De ouders formuleren samen met de vaktherapeut vanaf de 2de sessie doelen. Ieder lid van het gezin heeft zijn eigen doel(en). Daarmee worden ouders meteen verantwoordelijk voor hun eigen therapieproces en dat van hun kinderen.
De werkpunten worden vertaalt in concrete creatieve opdrachten door de therapeuten.  We bedenken opdrachten die passen bij het gezin en tot een succeservaring leiden. 
De opdrachten worden vooraf met de ouders doorgesproken zonder de kinderen erbij. De ouders geven daarna zelf leiding aan hun kinderen bij de uitvoering van de opdracht. Al doende werken de ouders aan hun gestelde doelen. Op die manier ontstaat een positieve verandering in hun manier van omgaan met elkaar.
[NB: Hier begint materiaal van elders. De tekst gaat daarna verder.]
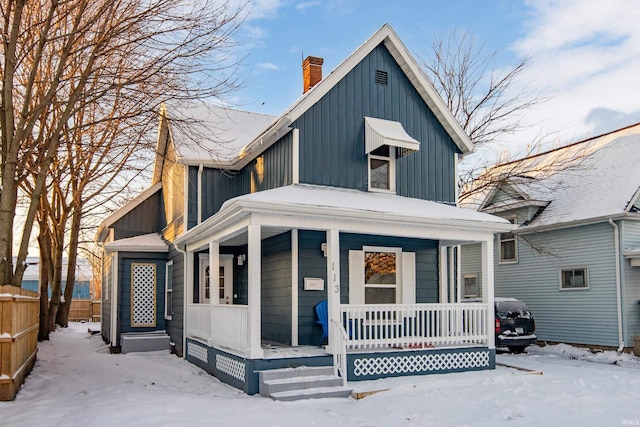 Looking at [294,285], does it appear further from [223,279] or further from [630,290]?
[630,290]

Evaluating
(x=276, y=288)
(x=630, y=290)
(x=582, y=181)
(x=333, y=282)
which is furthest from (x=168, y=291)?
(x=582, y=181)

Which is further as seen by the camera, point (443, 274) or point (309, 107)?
point (443, 274)

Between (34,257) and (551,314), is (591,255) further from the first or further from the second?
(34,257)

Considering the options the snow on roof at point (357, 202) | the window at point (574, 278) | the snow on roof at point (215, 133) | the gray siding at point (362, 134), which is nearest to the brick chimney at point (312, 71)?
the snow on roof at point (215, 133)

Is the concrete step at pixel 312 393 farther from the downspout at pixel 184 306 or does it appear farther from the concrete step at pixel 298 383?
the downspout at pixel 184 306

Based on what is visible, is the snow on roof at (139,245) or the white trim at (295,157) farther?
the snow on roof at (139,245)

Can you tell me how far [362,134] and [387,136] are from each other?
0.94 m

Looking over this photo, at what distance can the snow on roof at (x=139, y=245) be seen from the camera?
650 inches

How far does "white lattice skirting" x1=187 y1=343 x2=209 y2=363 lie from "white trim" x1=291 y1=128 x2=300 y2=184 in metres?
4.16

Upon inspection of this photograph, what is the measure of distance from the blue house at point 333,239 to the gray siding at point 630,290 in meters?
4.96

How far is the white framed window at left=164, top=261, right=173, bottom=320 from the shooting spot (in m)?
16.6

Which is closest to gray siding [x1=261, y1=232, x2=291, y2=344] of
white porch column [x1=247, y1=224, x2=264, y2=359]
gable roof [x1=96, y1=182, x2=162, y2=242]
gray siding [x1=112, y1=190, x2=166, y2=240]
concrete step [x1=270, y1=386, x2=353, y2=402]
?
white porch column [x1=247, y1=224, x2=264, y2=359]

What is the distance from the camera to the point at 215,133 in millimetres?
16141

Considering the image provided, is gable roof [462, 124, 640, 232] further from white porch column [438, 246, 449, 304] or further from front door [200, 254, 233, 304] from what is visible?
front door [200, 254, 233, 304] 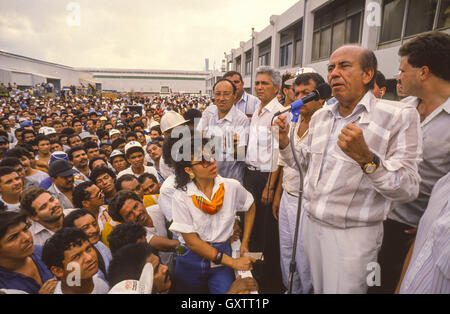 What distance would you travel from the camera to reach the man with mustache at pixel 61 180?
3373 millimetres

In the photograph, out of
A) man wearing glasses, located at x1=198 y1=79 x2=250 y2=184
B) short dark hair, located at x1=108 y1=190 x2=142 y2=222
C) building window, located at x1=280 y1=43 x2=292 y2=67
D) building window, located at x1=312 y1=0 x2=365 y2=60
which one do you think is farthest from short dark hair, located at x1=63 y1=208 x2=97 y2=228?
building window, located at x1=280 y1=43 x2=292 y2=67

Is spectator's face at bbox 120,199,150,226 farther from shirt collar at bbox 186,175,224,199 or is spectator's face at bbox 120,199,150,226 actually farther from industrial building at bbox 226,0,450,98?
industrial building at bbox 226,0,450,98

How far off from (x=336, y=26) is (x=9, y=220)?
13.4m

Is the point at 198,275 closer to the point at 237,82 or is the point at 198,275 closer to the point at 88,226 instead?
the point at 88,226

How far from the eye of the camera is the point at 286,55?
17.9 metres

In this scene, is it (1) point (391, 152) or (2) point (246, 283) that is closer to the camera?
(1) point (391, 152)

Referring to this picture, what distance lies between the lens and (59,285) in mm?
1881

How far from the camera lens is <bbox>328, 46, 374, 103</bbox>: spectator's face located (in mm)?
1593

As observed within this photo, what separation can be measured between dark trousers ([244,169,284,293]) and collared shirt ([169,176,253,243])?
3.30ft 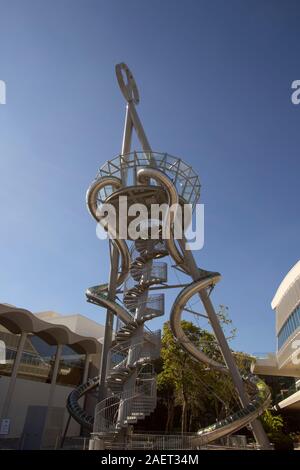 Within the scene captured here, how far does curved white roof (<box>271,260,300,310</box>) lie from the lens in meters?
36.9

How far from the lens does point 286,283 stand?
135 feet

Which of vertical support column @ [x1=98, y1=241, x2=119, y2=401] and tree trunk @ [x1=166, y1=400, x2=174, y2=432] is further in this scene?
tree trunk @ [x1=166, y1=400, x2=174, y2=432]

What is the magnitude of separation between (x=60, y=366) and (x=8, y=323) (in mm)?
6415

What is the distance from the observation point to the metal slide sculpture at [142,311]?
14312 mm

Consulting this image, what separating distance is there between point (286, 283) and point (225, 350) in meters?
26.4

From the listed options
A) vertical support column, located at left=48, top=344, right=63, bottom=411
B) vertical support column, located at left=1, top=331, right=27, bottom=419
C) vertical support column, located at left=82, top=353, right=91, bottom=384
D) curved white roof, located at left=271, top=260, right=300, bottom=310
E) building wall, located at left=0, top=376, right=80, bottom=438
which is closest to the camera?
vertical support column, located at left=1, top=331, right=27, bottom=419

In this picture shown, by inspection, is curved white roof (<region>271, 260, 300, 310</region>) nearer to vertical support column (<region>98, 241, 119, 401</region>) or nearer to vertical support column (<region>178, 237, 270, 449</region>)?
vertical support column (<region>178, 237, 270, 449</region>)

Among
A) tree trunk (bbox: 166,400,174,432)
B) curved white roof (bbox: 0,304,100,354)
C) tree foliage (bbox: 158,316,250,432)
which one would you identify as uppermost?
curved white roof (bbox: 0,304,100,354)

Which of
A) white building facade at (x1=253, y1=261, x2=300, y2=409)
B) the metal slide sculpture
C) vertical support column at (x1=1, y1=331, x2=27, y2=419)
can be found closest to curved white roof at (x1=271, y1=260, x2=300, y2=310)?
white building facade at (x1=253, y1=261, x2=300, y2=409)

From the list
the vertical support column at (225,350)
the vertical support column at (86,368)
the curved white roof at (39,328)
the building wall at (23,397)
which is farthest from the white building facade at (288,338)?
the building wall at (23,397)

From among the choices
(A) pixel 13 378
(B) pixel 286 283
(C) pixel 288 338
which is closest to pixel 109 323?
(A) pixel 13 378

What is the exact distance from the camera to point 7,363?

Het doel is dat zij die manier van doen ook in het dagelijks leven in de omgang met elkaar en hun eigen omgeving blijven gebruiken.
Doelen kunnen zijn:

  • De ouders hebben handvatten voor het grootbrengen van hun kinderen. 
  • ​De ouders kunnen inspelen op de verschillende leeftijden van de kinderen.
  • De ouders kunnen overleggen, taken verdelen, plannen, leiding nemen.
  • De ouders herkennen hun eigen aandeel in succeservaringen en ontwikkelen vertrouwen in eigen kunnen.
  • De ouders kunnen positief opvoedgedrag in de thuissituatie toepassen.
  • De ouders hebben overzicht over hun (on)mogelijkheden bij het grootbrengen van hun kind(eren).
  • De kind(eren) zijn in hun ontwikkeling gegroeid.